• [EXERCISE GOAL] Starting with the line that contains "Book cover for", copy each line exactly through the end of the listing, and omit all pictures.

• [MATERIAL FOR THIS EXERCISE]
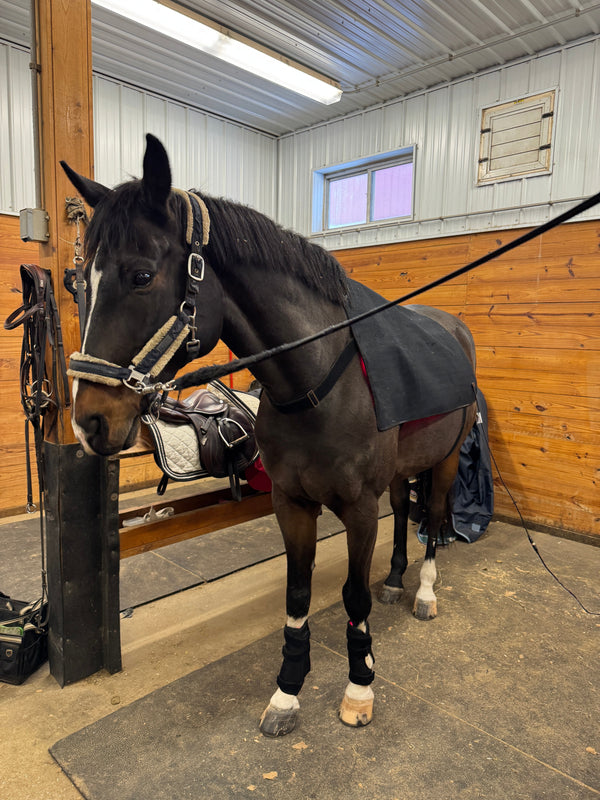 Manta equina RedWell™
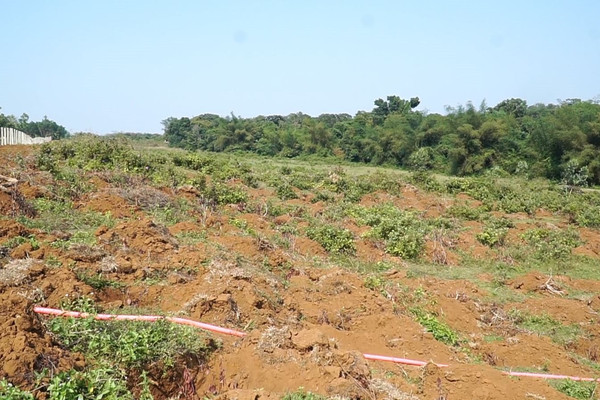 Phá rừng, một doanh nghiệp tại Quảng Trị bị phạt gần 200 triệu đồng 
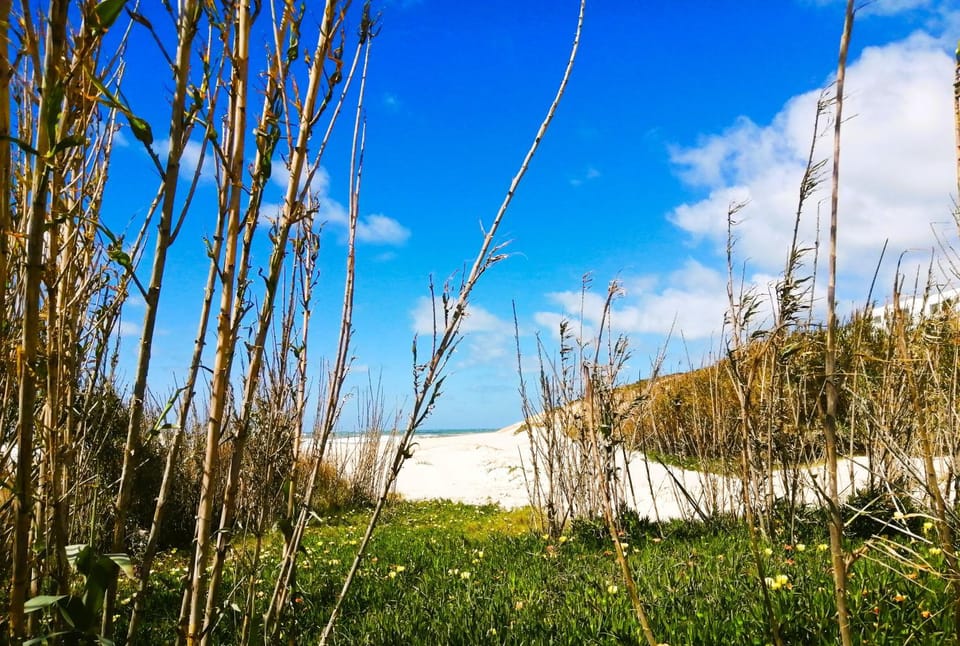 Natural landscape
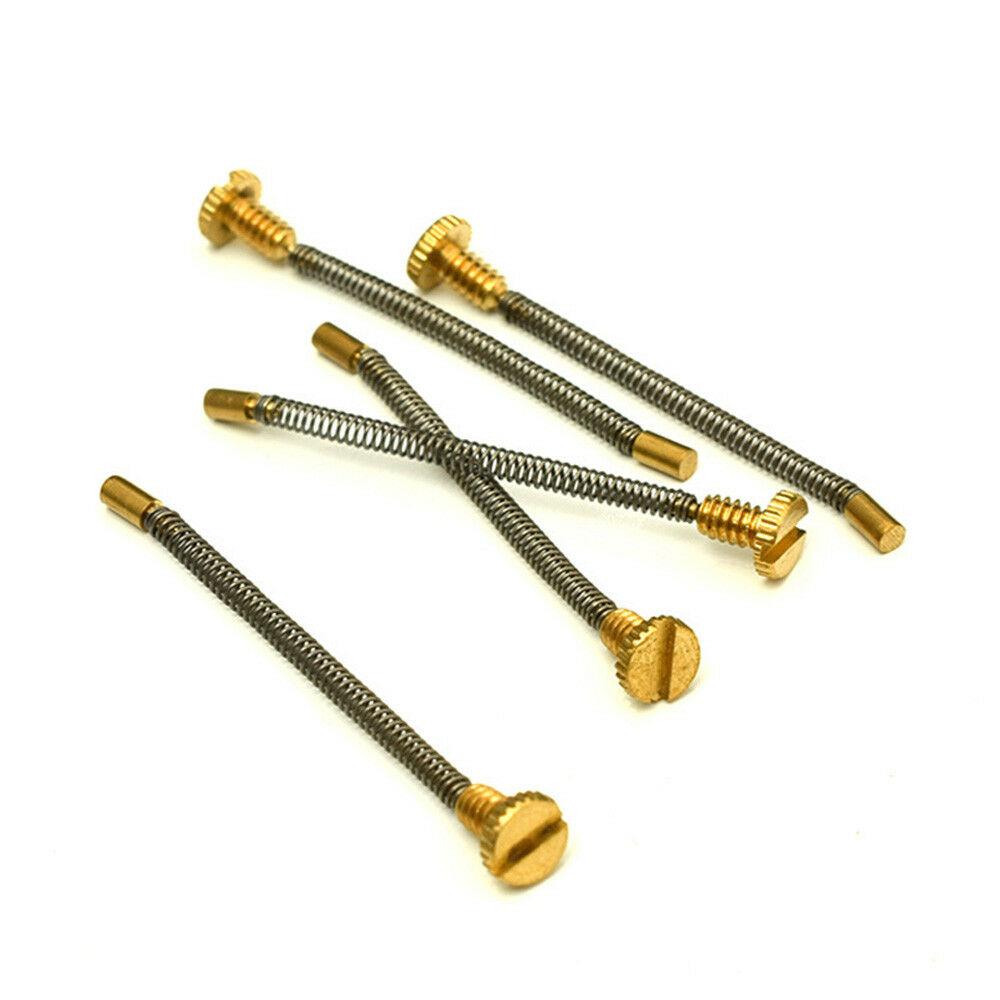 10pcs Metal Spring Screw For Z - Musical Instrument Zither recension och pris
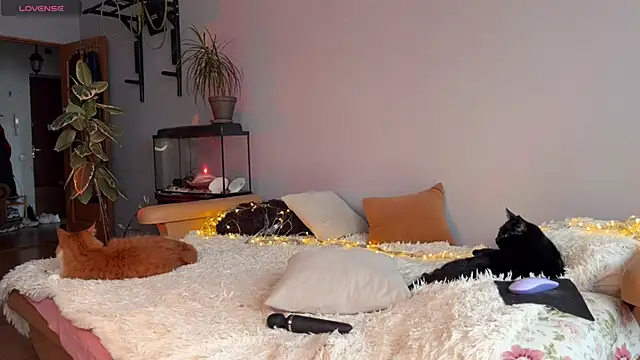 Snapshot of Lin_Cherie chatting on 20, 11, 2025 Lin Cherie online show from 20, 11, 2025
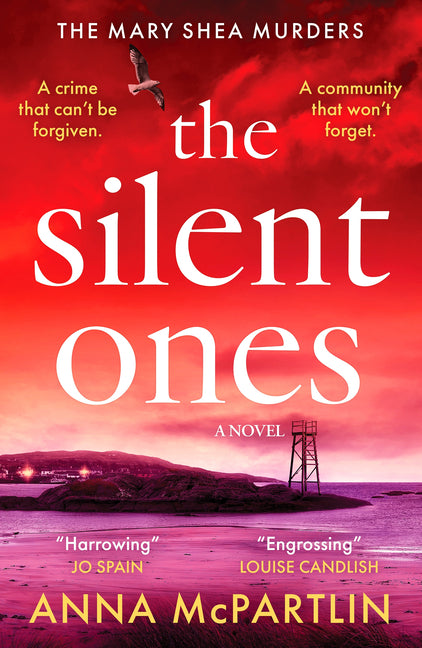 Book cover for Silent Ones: An Unmissable Irish Crime Thriller from an International Bestseller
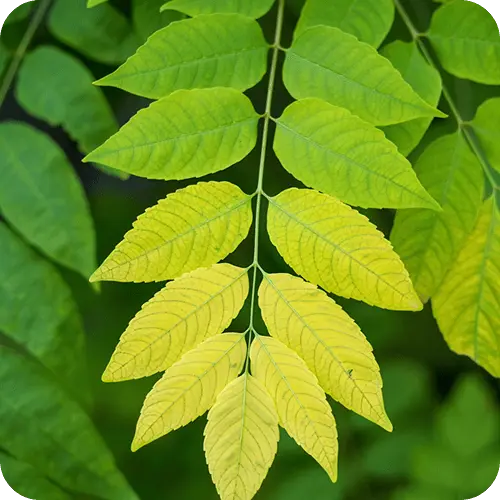 Pflanze mit Nährstoffmangel-Symptomen an den Blättern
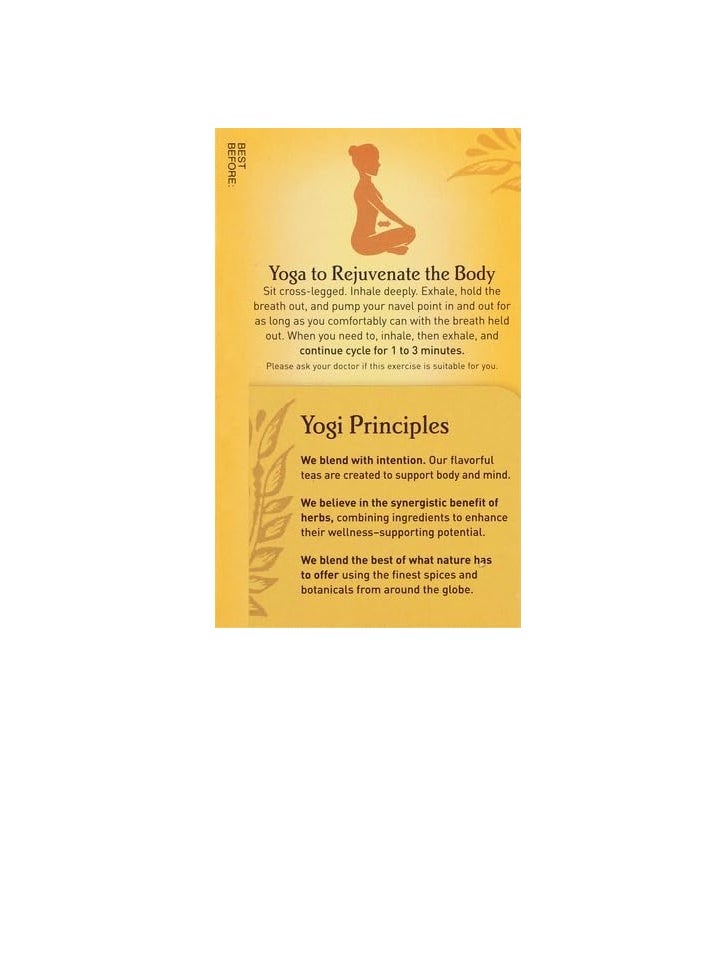 Yogi Tea Yogi Tea, Mango Ginger, 16 Count, Packaging May Vary  - Image 2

• [RESPONSE TO THE TASK]
 Book cover for Silent Ones: An Unmissable Irish Crime Thriller from an International Bestseller
 Pflanze mit Nährstoffmangel-Symptomen an den Blättern
 Yogi Tea Yogi Tea, Mango Ginger, 16 Count, Packaging May Vary  - Image 2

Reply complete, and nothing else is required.